American theologian Shelly Rambo has written about this in a book titled Spirit and Trauma, A Theology of Remaining. The research, analysis and questions she poses – and seeks to unpack – are profound. She writes: “In the aftermath of trauma, death and life no longer stand in opposition. Instead, death haunts life.” She asks the reader to think about what this means.
“The challenge for those who experience trauma is to move in a world in which the boundaries and parameters of life and death no longer seem to hold, to provide meaning. The challenge for those who take seriously the problem of trauma is to witness trauma in all of its complexities – to account for the ongoing experience of death in life. The challenge, for both, is to forge a path of healing amid all of the complexities.” And so Rambo asks, “Can theology witness to what remains?”
For our theology and understanding of God to hold through the deep tragedies … it needs to be able to sit in the in-between.
For our theology and understanding of God to hold through the deep tragedies, pain and brokenness that for some will never go away, it needs to be able to sit in the in-between. That is the place the disciples were forced to inhabit on that dark day after their Messiah died, broken and bloody.
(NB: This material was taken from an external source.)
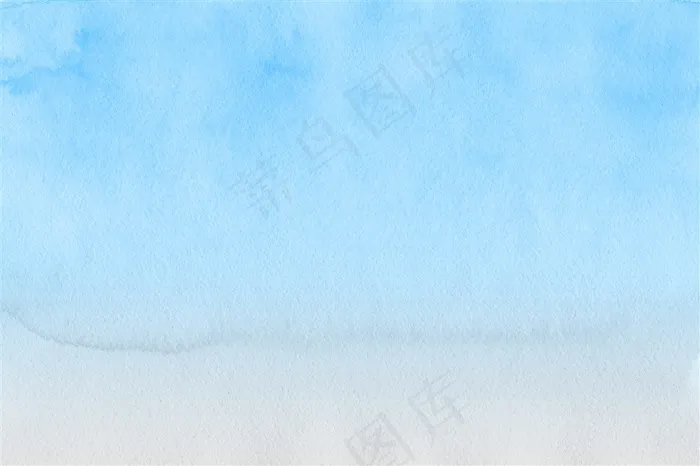 蓝色墨迹高清图片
Nothing triumphant about his death, and yet they thought he was their Lord.
That day, they hid in an upper room. Lost. Confused. Alone, despite being together. How could they share their common grief when their own heart was broken? What had they given their last three years to? Were they deceived? Was it all for nothing?
Then, think about that in-between day for Jesus. What do we know about this time? We say in the Apostles’ Creed: “He descended into hell and on the third day, he rose again from the dead and ascended into heaven.” We don’t often think about that first part. Jesus was exposed to horrors we cannot even imagine. But most of all, he was apart from God the Father. That is the space Jesus inhabited before Mary and the disciples found the empty tomb the following day.
He too was damaged, his scars clearly visible.
Jesus descended into hell, physically broken. He had a significant wound in his side. He had suffered excruciating pain as his body hung on the cross, his nailed and bleeding hands taking the weight of his body.
When he rose from the dead, when he met Mary, when he walked the road to Emmaus unrecognised by his two companions, when he entered the locked room, Jesus was different. He too was damaged, his scars clearly visible.
Have you considered the role of the so-called “doubting Thomas” in ways other than that he questioned whether this Jesus was the same man he had seen nailed on a cross, whose blood had separated, indicative of a body without a heartbeat? It is challenging to those who dare to doubt, to contemplate that Jesus carried those visible wounds – in the side and the hands – as the risen Saviour who had defeated death.
This knowledge can offer great comfort to those who have suffered significant trauma, trauma that leaves an invisible or visible mark on a person. It is also the power of Easter Saturday, the in-between day.
Churches need to find some space and language that gives room for this brokenness and pain.
For some Christians, their life on earth will remain in Easter Saturday. They know Jesus has risen, but the darkness of their life can overshadow the hope that they intellectually know is found in Christ. Christians who know they are loved by God, but due to their life circumstances, each day is a struggle.
Their scars are deep and no amount of scrubbing will make them feel renewed. Churches need to find some space and language that gives room for this brokenness and pain. We are all imperfect; some just hide it better.
The Psalms, Lamentations and Ecclesiastes remind us that God inhabits despair as much as shouts of praise and wonder. When we invite God into our own dark and broken hearts, into our own hidden in-between day, we will start to unfold a relationship with our Heavenly Father deeper than we could ever have imagined. For that is the place the broken Christ – who first descended to hell, rose with the scars of his earthly experience and returned to God’s side – invites us to be.